The history of territorial, border conflicts among México and the United States begins with the creation of public art. In 1848, under the Guadalupe Treaty, the erection of 52 obelisks was commissioned in order to set geographical boundaries between the two countries, from California to Texas. UN/Divided tries to transcribe and codify the spatiality of public realms, by constructing meticulous relationships among typography, politics, and architecture. It builds bridges amid nostalgia and memory, creating anti-monuments without changing the natural space, and always recreating new environments for mediatic reflection.
Graffiti is part of the urban art movements and has had several stages from oppression and intolerance to vandalism, but all have unveiled new languages. However, in the last decades, the aesthetics of graffiti has permeated into the academy, achieving acceptance within contemporary art practices considering graffiti a neo-muralist vanguard. The crew Graffiti HEM (Hecho en México) was created in the late ‘80s in the Tijuana/San Diego region, as a puerile act, searching and rescuing urban signs. This graffiti art collective has succeeded in creating a dissimilar cross-border language owning their own local identity and portraying the city aesthetics by impersonating New York urban vanguards of the time.
Now, thirty years since its birth, HEM joins the changing urban art world. Current members Shente and Spell delve into the flagship of visual noise, exposing layers of brownish propaganda glued to the city walls by arbitrary showing past and present memory. Their work captures the neon signs marquees of many pharmacies, restaurants, and bars in Tijuana, also their work tries to capture the memory of illegal graffiti that succumbs walls, corners, floors and public buildings in the city. HEM has a particular interest in the intervention of shutters, and public walls that divide both countries. Simultaneously, they have a personal and poetic affinity that cares about urban embellishment, non-Western typography and picturesque, cultural imagery.

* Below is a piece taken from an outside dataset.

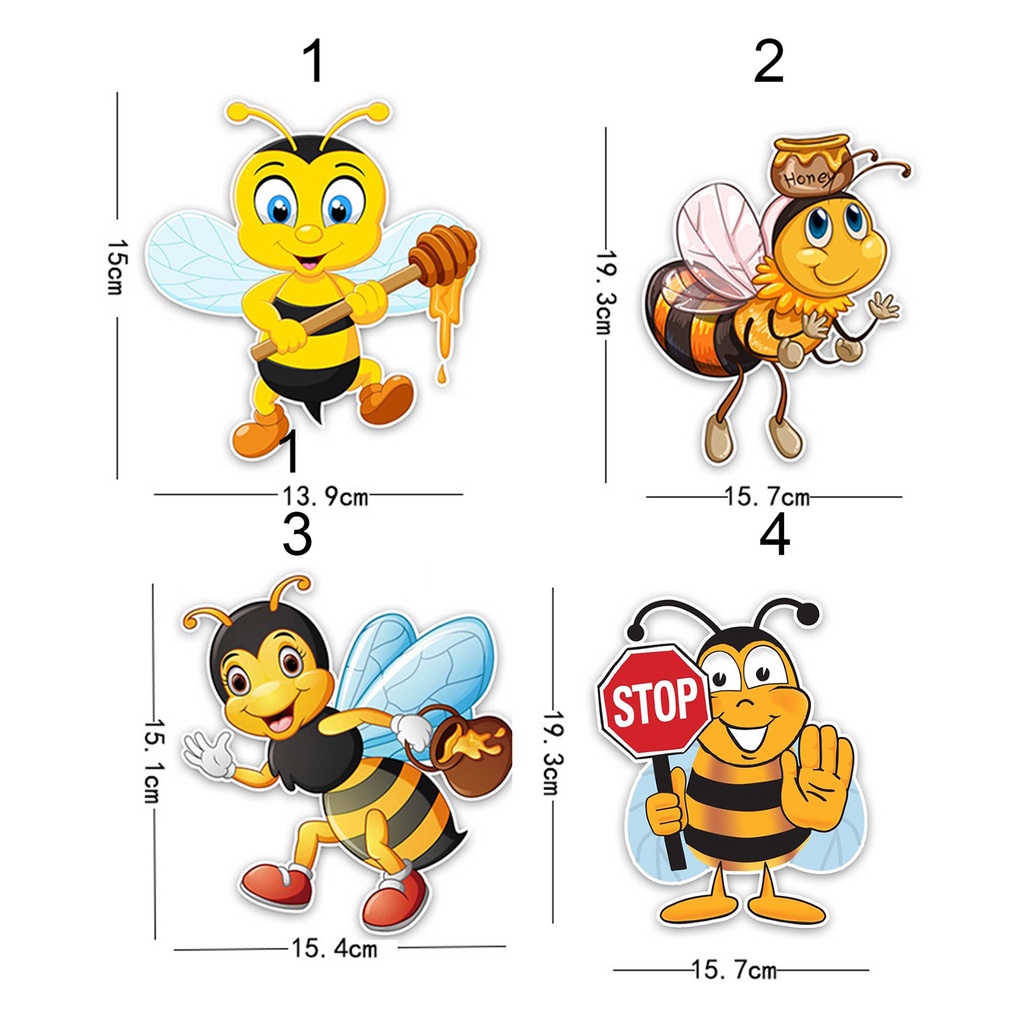 Miếng Dán Trang Trí Cửa Sổ Bằng PVC Chống Thấm Nước Hình Chú Ong Dễ Thương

Parallel to the interpretation of public symbols from crew HEM, Guillermo Echeveste’s public and political work, inquiries into the anatomy and symbolism of one of the obelisks built in the 19th century that marks geopolitical boundaries along México and United States territory, which lays a plaque that reads: “Boundary of Human Intelligence”.
Echeveste built this obelisk with materials that mimic sundry objects sold at the San Ysidro gate (it is made out of plaster of Paris, just like the little piggy banks offered at the border by local vendors). The intention of the piece is to reverse the symbol of a public art monument into a ludic, toy-like object that makes reference to a playful cultural practice, instead of a territorial erected construction. This makeover of the symbol displayed in a local space turns simulation into an anti-monument provoking an in-depth analysis of the physical construction of political walls while questioning the “Boundary of Human Intelligence”.
It is with this perspective that UN/Divided takes ownership of the public realm and built signs and anti-monuments subverting the traditional dividing logic.